When reporting issues with Flocker please include:

  • The version of Flocker you are using.
  • Your operating system and version.
  • Your Linux kernel version.
  • The version of Docker you are using, and Docker configuration details.
  • Your node IP addresses.
  • Your node hostname.
  • Disk and partition configuration details.
  • Your node hardware specification.
  • All recent syslog content.
  • Any separate Flocker service log files.

Warning

The exported log files may contain sensitive information.

Export Logs Using flocker-diagnostics

The flocker-diagnostics command can be used to gather this information on all supported operating systems.

flocker-diagnostics

flocker-diagnostics will create a tar archive in the current directory. It will print the full path of the archive before it exits.

Exporting Logs Manually

Alternatively, the information can be gathered manually using the following commands:

  • Flocker version:

    flocker-control --version
    
  • Operating system and version:

    cat /etc/os-release
    
  • Linux kernel version:

    uname -a
    
  • Docker version and configuration:

    docker version
    docker info
    
  • IP Addresses:

    ip addr
    
  • Hostname:

    hostname
    
  • Disk and partition configuration details:

    fdisk -l
    lsblk --all
    
  • Node hardware specification:

    lshw -quiet -json
    
  • Flocker log files (see Flocker logging above)

Profiling

Warning

It is not recommended to use profiling while relying on Flocker within a production environment as there is a performance overhead.

Flocker Control Service

It is possible to obtain cProfile profiling data of the Flocker Control Service between two user defined intervals.

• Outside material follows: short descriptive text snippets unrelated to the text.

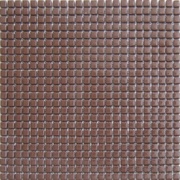 Мозаика Lace Mosaic Сетка SS 34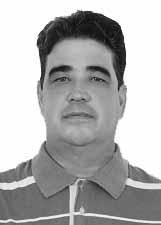 Foto de LUIZ CARLOS SOARES DE LIMA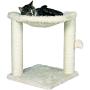 Royal Pet Club Baza Grande, Baza Senior, Scratching Post, Cat Tree with Hammock
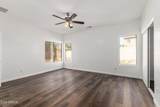 8320 Apache Street - Photo 15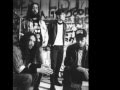 Soundgarden - Black Rain lyrics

Profiling is disabled by default. To enable profiling of the control service run the following command as root on the control node:

pkill -SIGUSR1 flocker-control

Profiling data will then be collected until a signal to stop profiling is received.

To stop profiling run the following command as root on the control node:

pkill -SIGUSR2 flocker-control

This will also output the profiling data to a file named /var/lib/flocker/profile-<TIMESTAMP>. This file will include all profiling data collected up to that point, including from previous intervals of profiling.

See pstats for details on how to extract information from this file. For example:

import pstats

profile = pstats.Stats('profile-20150917161214')
profile.sort_stats('cumulative').print_stats(10)

Validation

Additional validation of HTTP API responses is performed when running unit tests. This validation can be disabled for unit tests by setting the environment variable FLOCKER_VALIDATE_API_RESPONSES=no. It can enabled for contexts other than unit tests by setting the environment variable FLOCKER_VALIDATE_API_RESPONSES=yes.